## Directions for this task
Your task is to repeat the lines below exactly, excluding any pictures they contain.

## Available data
----------------
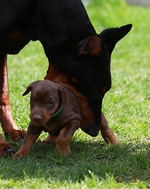 V-Wurf 4 Wochen alt / V-litter 4 weeks old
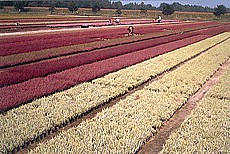 Heide, Erica, Calluna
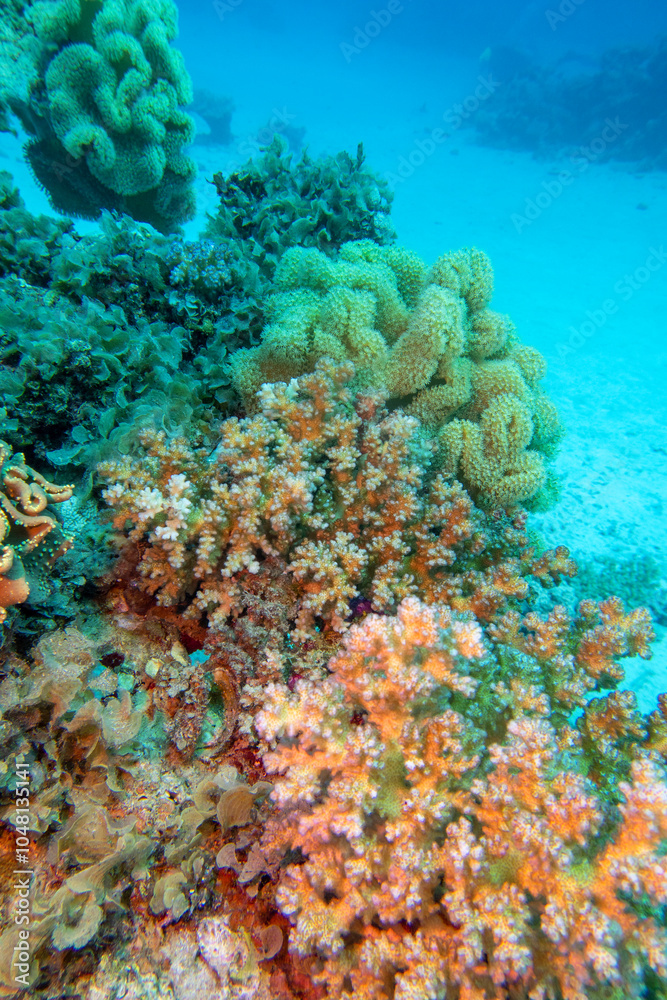Colorful, picturesque coral reef at sandy bottom of tropical sea, stony and soft corals, underwater landscape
----------------
## Solution
 V-Wurf 4 Wochen alt / V-litter 4 weeks old
 Heide, Erica, Calluna
Colorful, picturesque coral reef at sandy bottom of tropical sea, stony and soft corals, underwater landscape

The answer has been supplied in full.